Exercise:
In the data below, find the line that contains "CNC Trigger for M4/M16 (D) Replicas - Red" and the line that contains "Upgraded Portable Charger". Copy both, plus every line between them, exactly.

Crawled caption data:

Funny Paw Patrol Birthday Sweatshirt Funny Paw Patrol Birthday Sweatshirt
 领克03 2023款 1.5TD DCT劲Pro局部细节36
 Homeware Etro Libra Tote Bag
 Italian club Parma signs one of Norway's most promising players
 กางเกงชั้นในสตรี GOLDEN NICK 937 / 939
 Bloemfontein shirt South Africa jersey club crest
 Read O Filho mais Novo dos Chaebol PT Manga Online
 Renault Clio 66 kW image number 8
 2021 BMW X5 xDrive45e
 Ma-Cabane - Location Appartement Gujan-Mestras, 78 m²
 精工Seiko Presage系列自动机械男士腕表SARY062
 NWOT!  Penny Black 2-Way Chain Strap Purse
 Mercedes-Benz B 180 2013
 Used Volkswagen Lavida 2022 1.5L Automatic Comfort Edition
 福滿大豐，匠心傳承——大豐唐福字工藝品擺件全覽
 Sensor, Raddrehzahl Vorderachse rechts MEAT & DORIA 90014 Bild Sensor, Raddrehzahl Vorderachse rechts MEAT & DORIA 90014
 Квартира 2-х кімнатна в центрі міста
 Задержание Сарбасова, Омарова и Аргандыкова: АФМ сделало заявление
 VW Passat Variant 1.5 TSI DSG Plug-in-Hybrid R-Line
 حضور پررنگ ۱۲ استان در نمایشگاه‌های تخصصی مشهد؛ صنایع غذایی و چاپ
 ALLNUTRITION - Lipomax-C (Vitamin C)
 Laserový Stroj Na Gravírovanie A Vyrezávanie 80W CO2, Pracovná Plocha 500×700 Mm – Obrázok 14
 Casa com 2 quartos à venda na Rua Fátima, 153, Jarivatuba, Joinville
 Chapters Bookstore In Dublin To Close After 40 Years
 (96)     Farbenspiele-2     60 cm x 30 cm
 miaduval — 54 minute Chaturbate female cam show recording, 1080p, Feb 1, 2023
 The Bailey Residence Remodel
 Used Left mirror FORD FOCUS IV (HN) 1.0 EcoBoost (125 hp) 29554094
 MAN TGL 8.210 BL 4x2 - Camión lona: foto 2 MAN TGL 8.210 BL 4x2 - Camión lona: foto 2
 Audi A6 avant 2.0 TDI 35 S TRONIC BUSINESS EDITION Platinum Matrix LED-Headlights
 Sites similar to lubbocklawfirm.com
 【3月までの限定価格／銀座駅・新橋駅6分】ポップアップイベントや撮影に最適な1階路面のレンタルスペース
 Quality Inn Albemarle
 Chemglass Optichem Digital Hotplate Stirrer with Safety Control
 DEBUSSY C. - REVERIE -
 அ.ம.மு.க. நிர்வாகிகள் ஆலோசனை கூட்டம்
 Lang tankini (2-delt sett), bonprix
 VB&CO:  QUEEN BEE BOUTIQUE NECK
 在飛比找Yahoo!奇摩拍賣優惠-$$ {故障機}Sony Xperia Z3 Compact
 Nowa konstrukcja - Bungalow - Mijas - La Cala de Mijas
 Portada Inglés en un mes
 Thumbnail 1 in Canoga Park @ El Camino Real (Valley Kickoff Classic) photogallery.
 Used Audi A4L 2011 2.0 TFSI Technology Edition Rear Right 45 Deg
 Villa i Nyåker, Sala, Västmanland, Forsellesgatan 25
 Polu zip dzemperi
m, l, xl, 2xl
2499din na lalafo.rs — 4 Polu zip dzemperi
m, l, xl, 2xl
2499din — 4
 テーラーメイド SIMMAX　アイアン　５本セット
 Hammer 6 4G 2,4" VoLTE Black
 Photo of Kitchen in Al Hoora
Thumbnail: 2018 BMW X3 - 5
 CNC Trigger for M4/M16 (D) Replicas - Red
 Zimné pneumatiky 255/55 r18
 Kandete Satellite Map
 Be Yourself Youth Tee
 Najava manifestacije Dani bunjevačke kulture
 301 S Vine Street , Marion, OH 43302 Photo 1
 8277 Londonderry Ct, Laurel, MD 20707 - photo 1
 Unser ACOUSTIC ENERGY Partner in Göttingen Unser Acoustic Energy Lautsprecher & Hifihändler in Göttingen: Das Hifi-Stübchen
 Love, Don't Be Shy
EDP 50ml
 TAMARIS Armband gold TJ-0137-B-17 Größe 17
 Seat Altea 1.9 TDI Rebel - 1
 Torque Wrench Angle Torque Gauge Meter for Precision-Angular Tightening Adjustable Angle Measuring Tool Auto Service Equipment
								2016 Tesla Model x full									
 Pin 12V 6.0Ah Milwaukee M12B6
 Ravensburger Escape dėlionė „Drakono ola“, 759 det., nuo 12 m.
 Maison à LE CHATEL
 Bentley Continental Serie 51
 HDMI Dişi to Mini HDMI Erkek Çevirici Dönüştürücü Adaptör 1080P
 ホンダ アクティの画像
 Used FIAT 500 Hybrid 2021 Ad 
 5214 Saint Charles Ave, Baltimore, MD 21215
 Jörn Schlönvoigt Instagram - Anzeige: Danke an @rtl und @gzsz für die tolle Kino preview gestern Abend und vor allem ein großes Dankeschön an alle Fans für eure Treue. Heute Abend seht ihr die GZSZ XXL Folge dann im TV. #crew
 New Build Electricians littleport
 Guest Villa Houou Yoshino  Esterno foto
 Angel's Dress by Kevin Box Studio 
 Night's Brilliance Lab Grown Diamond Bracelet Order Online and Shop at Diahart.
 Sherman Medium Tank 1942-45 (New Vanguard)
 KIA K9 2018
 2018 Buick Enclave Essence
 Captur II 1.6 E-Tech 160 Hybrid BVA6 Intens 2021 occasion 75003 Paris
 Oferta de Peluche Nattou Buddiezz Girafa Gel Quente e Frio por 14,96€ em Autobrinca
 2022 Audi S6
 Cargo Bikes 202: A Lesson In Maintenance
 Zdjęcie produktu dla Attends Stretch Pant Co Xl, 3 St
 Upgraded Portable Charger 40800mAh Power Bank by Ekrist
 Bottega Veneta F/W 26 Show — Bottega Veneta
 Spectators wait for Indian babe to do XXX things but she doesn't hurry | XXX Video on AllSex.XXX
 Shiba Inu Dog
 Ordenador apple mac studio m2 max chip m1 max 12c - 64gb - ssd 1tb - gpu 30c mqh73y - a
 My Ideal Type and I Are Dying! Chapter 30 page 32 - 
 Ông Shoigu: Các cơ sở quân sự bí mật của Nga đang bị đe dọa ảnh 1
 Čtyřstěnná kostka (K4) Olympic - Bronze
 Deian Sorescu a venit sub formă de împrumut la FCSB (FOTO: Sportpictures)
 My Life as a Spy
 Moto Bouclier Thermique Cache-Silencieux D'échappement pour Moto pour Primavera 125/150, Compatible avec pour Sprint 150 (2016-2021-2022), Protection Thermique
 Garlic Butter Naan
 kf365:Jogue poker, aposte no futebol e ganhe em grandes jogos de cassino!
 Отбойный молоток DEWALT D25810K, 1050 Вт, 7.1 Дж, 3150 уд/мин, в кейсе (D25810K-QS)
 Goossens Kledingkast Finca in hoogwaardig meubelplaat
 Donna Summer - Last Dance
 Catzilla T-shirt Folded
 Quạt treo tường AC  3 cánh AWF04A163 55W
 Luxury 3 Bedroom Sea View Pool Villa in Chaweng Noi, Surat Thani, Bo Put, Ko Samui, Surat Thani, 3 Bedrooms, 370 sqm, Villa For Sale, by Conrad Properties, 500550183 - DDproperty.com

Written response:
 CNC Trigger for M4/M16 (D) Replicas - Red
 Zimné pneumatiky 255/55 r18
 Kandete Satellite Map
 Be Yourself Youth Tee
 Najava manifestacije Dani bunjevačke kulture
 301 S Vine Street , Marion, OH 43302 Photo 1
 8277 Londonderry Ct, Laurel, MD 20707 - photo 1
 Unser ACOUSTIC ENERGY Partner in Göttingen Unser Acoustic Energy Lautsprecher & Hifihändler in Göttingen: Das Hifi-Stübchen
 Love, Don't Be Shy
EDP 50ml
 TAMARIS Armband gold TJ-0137-B-17 Größe 17
 Seat Altea 1.9 TDI Rebel - 1
 Torque Wrench Angle Torque Gauge Meter for Precision-Angular Tightening Adjustable Angle Measuring Tool Auto Service Equipment
								2016 Tesla Model x full									
 Pin 12V 6.0Ah Milwaukee M12B6
 Ravensburger Escape dėlionė „Drakono ola“, 759 det., nuo 12 m.
 Maison à LE CHATEL
 Bentley Continental Serie 51
 HDMI Dişi to Mini HDMI Erkek Çevirici Dönüştürücü Adaptör 1080P
 ホンダ アクティの画像
 Used FIAT 500 Hybrid 2021 Ad 
 5214 Saint Charles Ave, Baltimore, MD 21215
 Jörn Schlönvoigt Instagram - Anzeige: Danke an @rtl und @gzsz für die tolle Kino preview gestern Abend und vor allem ein großes Dankeschön an alle Fans für eure Treue. Heute Abend seht ihr die GZSZ XXL Folge dann im TV. #crew
 New Build Electricians littleport
 Guest Villa Houou Yoshino  Esterno foto
 Angel's Dress by Kevin Box Studio 
 Night's Brilliance Lab Grown Diamond Bracelet Order Online and Shop at Diahart.
 Sherman Medium Tank 1942-45 (New Vanguard)
 KIA K9 2018
 2018 Buick Enclave Essence
 Captur II 1.6 E-Tech 160 Hybrid BVA6 Intens 2021 occasion 75003 Paris
 Oferta de Peluche Nattou Buddiezz Girafa Gel Quente e Frio por 14,96€ em Autobrinca
 2022 Audi S6
 Cargo Bikes 202: A Lesson In Maintenance
 Zdjęcie produktu dla Attends Stretch Pant Co Xl, 3 St
 Upgraded Portable Charger 40800mAh Power Bank by Ekrist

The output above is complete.